15th Lieutenant Governor of Prince Edward Island
- In office October 1, 1939 – May 30, 1945
- Monarch: George VI
- Governors General: The Lord Tweedsmuir The Earl of Athlone
- Premier: Thane Campbell J. Walter Jones
- Preceded by: George Des Brisay de Blois
- Succeeded by: Joseph Alphonsus Bernard

MLA (Assemblyman) for 2nd Queens
- In office July 24, 1919 – June 26, 1923
- Preceded by: George E. Hughes
- Succeeded by: John Buntain

MLA (Councillor) for 2nd Queens
- In office June 25, 1927 – October 1, 1939
- Preceded by: Louis Jenkins
- Succeeded by: Alex W. Matheson

Personal details
- Born: February 19, 1876 Rusticoville, Prince Edward Island
- Died: December 4, 1958 (aged 82) Charlottetown, Prince Edward Island
- Party: Liberal
- Spouse: Harriet Edna Christie ​ ​(m. 1897)​
- Children: William Reuel and Hilda Ruth
- Occupation: merchant and lobster packer
- Profession: Politician
- Cabinet: Minister without Portfolio (1927–1931)(1935–1936) acting Premier (1936) acting Minister of Agriculture (1936)

= Bradford William LePage =

Canadian politician

Bradford William LePage (February 19, 1876 – December 4, 1958) was a Canadian politician and the 15th Lieutenant Governor of Prince Edward Island.

Born in Rusticoville, Prince Edward Island, LePage owned and operated a general store prior to entering politics.
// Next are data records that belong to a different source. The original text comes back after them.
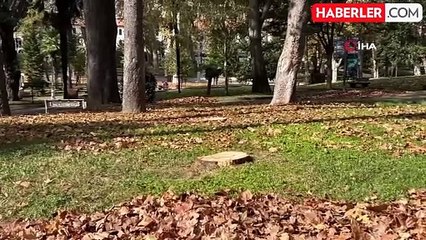 İBB, Gülhane Parkı'nda 50 Ağaç Kesildi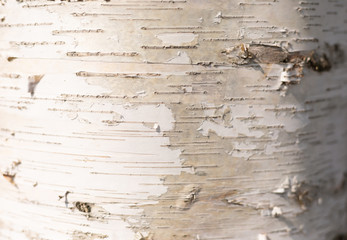 Elegant Stylish White Sunny Wood of Birch Tree with Bark - Natural Banner, Background with Copy Space.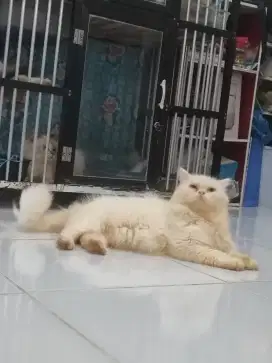 LA kucing Persia JANTAN Dewasa Big Bone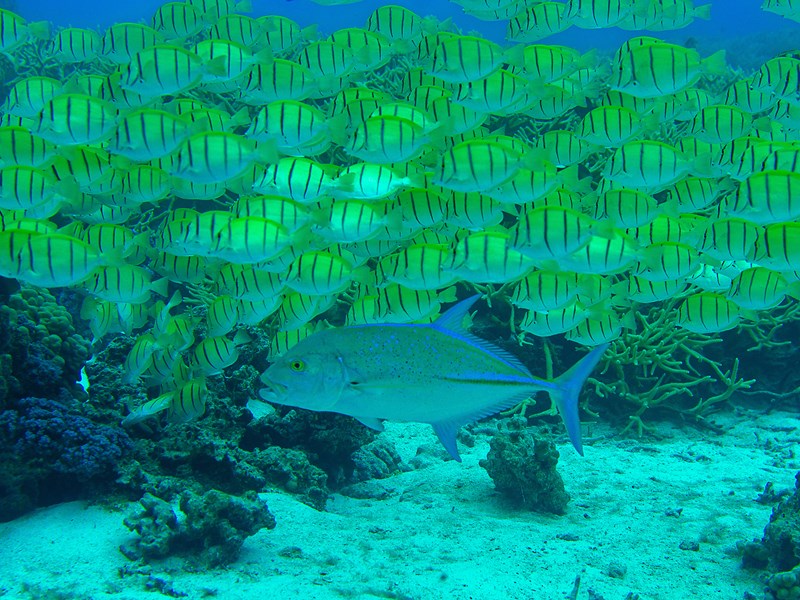 Banc de chirurgien bagnard et carangue bleue - lagon de Moorea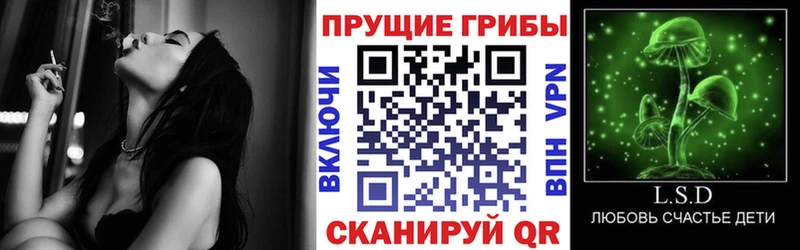 Купить  Слюдянка  Галлюциногенные грибы мухоморы 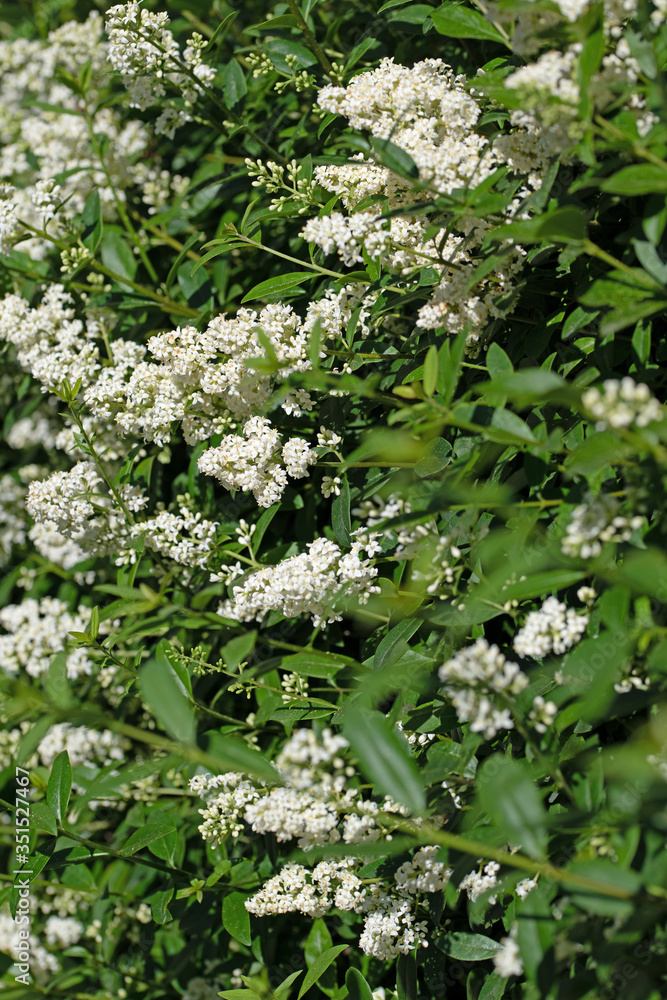 Blühender Liguster, Ligustrum,im Frühsommer Blühender Liguster, Ligustrum,im Frühsommer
He and his family moved to Charlottetown after his election to the provincial legislature. LePage sold his store to his brother, Garfield LePage, and opened the Lepage Shoe Company which was operated for many years by his son, William Reuel, and his grandsons, Walter B. LePage and Don Wonnacott (Don was the last to own and operate The LePage Shoe Co.).

LePage was first elected as a member of the Liberal Party of Prince Edward Island in the district of 2nd Queens in the 1919 election. He was re-elected in the 1927, 1931, 1935, and the 1939 elections.

He was Lieutenant Governor from October 1, 1939, to May 30, 1945.

On February 24, 1897, he married Harriett Christie. They had two children, William Reuel and Hilda Ruth.